One of the more scintillating qualities of Self-Portrait is Allen-Paisant’s integration of multiple languages. In traversing tableaux of parental longing in Jamaica’s Coffee Grove, awkward romantic engagements in Paris, libertine escapades in Oxford, and much more, Allen-Paisant seamlessly accents his verse with sprinkles of patois, French, Italian, and German. In this way, he achieves greater reader immersion and avoids the rather unfashionable clumsiness of translation. Each of these languages appears to correspond as well to one of Allen-Paisant’s “modes” throughout Self-Portrait, with patois being used primarily to express feelings of abandonment or vulnerability, French: sex and sorrow, Italian: glory, Othello-ness. This mixing of languages is just subtle enough to enhance one’s reading experience without coming off as obfuscatory or shallowly dextrous.
Just as impressive as Allen-Paisant’s lingual feats is his attention to artistic and historical contexts while connecting himself to Othello. Othello, naturally, is a fictional character, but in drawing on sources like Dionne Brand’s A Map to the Door of No Return and Original Journals of the Voyages of Cada Mosto, and Pedro de Cintra to the Coast of Africa (compiled by Robert Kerr), Allen-Paisant delves into the documented presence of African Moors in Italy and the idea that “the Black body. . . is open space” (Dionne Brand) that can be occupied by others beyond the self—in this case, Allen-Paisant and Othello simultaneously. In the book’s second section, particularly, the connections to the valiant, misunderstood Othello appear more tangible, inhabited. Beyond this, references to works like Lemoyne’s Phèdre, Severini’s Sea = Dancer, and Veronese’s The Feast in the House of Levi add depth and offer jumping-off points for further considerations of the book’s crucial themes.

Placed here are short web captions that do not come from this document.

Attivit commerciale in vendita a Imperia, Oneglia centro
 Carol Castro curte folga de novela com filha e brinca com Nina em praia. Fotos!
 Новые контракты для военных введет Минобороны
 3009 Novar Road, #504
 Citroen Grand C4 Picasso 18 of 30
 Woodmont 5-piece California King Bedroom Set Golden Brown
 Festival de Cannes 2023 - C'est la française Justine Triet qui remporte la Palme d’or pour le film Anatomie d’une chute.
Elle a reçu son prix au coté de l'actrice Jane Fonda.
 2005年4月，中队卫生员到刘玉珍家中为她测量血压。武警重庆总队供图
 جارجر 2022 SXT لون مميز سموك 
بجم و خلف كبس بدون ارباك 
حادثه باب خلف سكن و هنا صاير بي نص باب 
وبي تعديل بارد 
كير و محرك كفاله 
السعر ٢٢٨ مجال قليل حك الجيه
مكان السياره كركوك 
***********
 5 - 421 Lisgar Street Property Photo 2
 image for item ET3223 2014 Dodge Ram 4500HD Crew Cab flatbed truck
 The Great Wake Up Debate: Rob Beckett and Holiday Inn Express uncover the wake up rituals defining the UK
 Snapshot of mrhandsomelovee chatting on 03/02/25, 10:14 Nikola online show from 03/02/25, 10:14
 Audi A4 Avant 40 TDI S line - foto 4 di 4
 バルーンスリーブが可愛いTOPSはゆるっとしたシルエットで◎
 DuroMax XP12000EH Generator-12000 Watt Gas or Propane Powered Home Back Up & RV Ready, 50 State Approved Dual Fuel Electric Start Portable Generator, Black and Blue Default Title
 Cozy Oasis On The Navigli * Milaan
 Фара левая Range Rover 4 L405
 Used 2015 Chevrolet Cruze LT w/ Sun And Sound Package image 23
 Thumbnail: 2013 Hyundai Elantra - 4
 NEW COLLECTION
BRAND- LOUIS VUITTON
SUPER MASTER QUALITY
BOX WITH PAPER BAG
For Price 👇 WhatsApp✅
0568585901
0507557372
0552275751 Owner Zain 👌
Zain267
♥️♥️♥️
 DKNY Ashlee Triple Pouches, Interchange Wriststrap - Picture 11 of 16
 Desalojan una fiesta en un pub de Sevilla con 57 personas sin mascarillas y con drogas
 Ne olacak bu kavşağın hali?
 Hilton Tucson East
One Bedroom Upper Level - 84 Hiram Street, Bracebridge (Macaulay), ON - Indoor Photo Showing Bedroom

Jason Allen-Paisant’s Self-Portrait as Othello whisks its readers along like a confident lead (there is much dancing-related imagery to enjoy throughout), offering rich descriptions, lingual agility, and poignant social criticism along the way. With the exception of one or two slightly self-indulgent anatomy-focused poems near the end, Allen-Paisant has succeeded in crafting an engaging, layered collection that transcends the poetic memoir genre and demonstrates the value of intersectional perspectives.